**WHAT IS BEING ASKED**
Nothing should appear in the answer except the lines below from the line containing "Magic Assassin’s Creed" through the line containing "Jak rozgryźć ADHD?", copied exactly, with pictures left out.

DATA FOR REVIEW below:

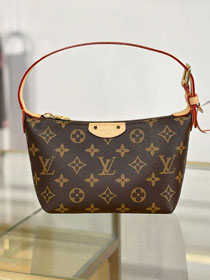 Louis vuitton original monogram canvas pochette hills M27509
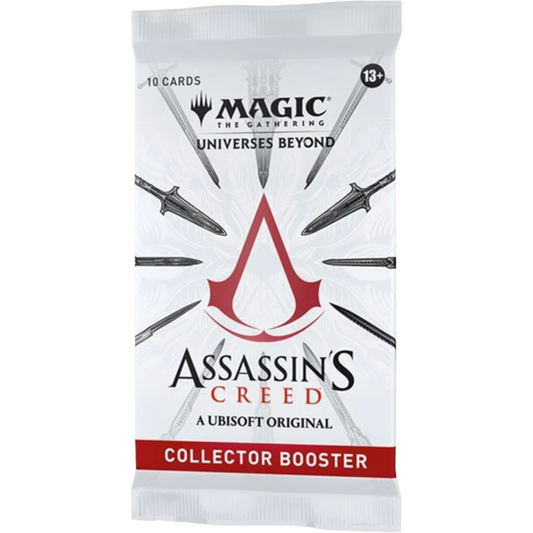 Magic Assassin’s Creed - Collector Booster Pack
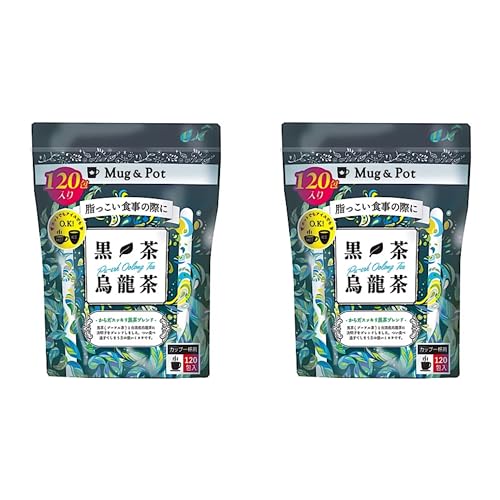 コストコ 黒茶烏龍茶1.5g x 120包 2個セットのサムネイル
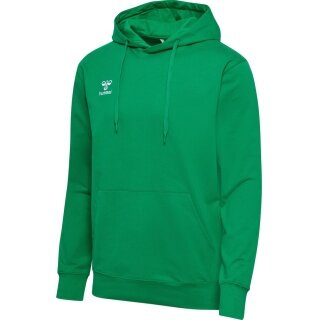 hummel Hoodie hmlGO 2.0 Hoodie (Organic Cotton) Green Men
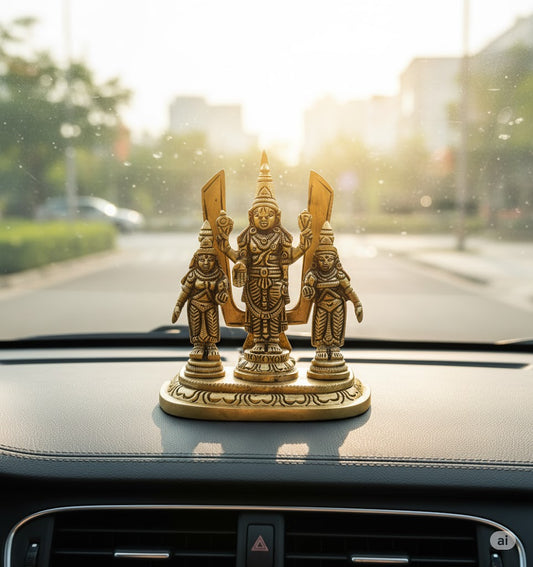Venkateswara Idol for Pooja, Wealth & Home Temple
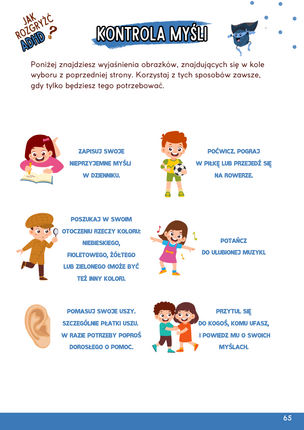 Jak rozgryźć ADHD? Karty pracy dla dzieci w wieku 8-12 lat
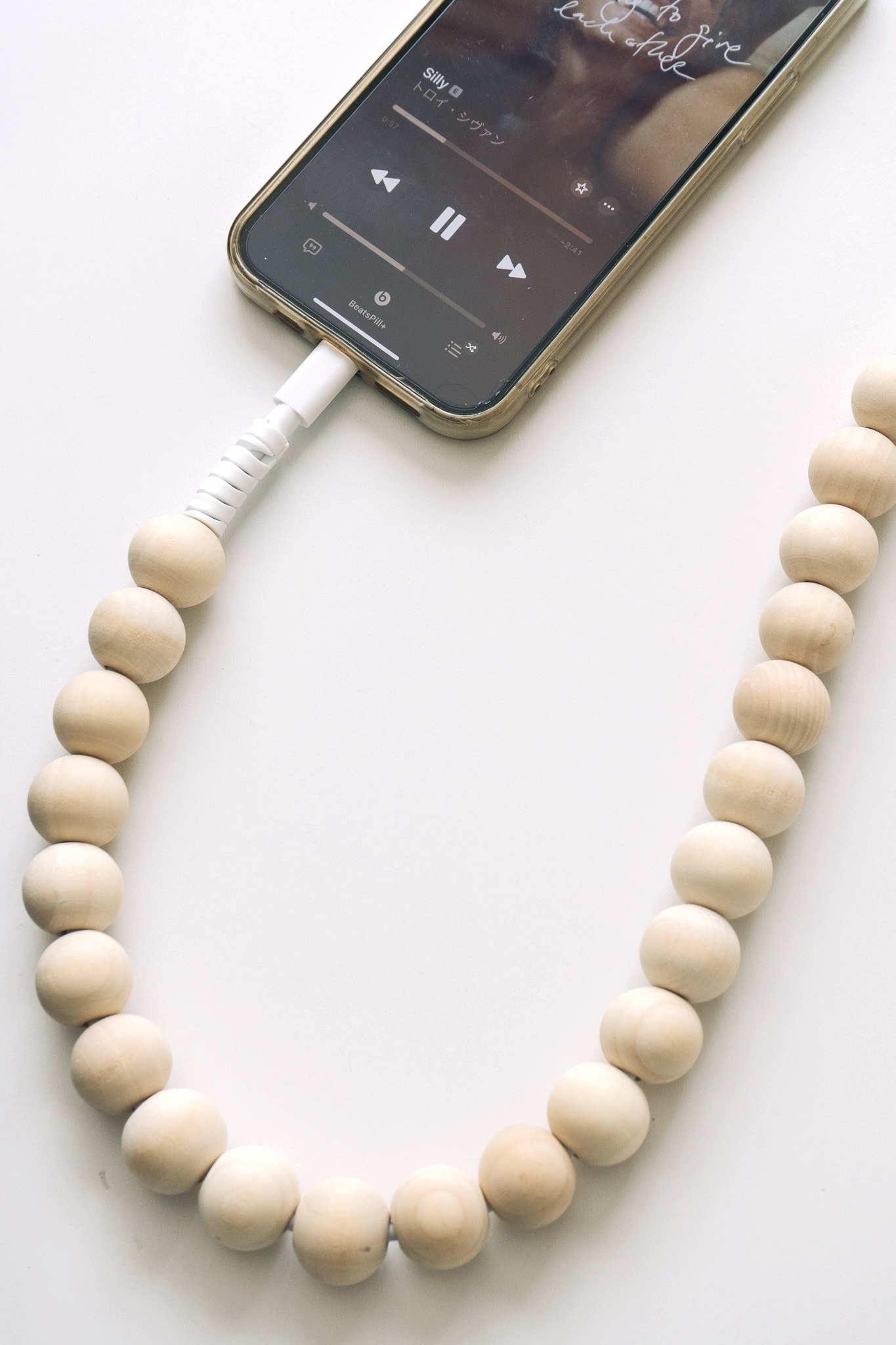 3COINSのおすすめ雑貨「コードジュエリー/ぬくもりのある暮らし」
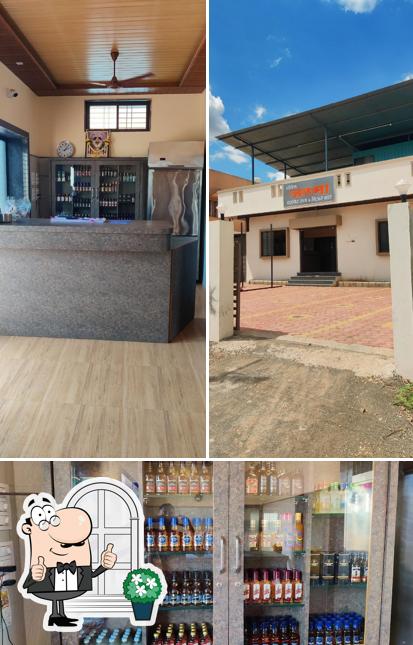 Take a look at the photo depicting exterior and interior at Hotel Jalsa Beer Bar & Permit Room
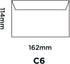 Blake Creative Colour C6 114 x 162 mm 120 GSM Peel & Seal Wallet Envelopes (15123) Assorted Bright Colours - Pack of 25 by Blake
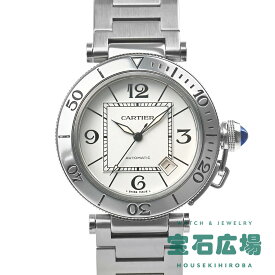 カルティエ Cartier パシャ シータイマー W31080M7【中古】メンズ 腕時計 送料無料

End of DATA FOR REVIEW.

**EXPECTED ANSWER**
 Magic Assassin’s Creed - Collector Booster Pack
 コストコ 黒茶烏龍茶1.5g x 120包 2個セットのサムネイル
 hummel Hoodie hmlGO 2.0 Hoodie (Organic Cotton) Green Men
Venkateswara Idol for Pooja, Wealth & Home Temple
 Jak rozgryźć ADHD? Karty pracy dla dzieci w wieku 8-12 lat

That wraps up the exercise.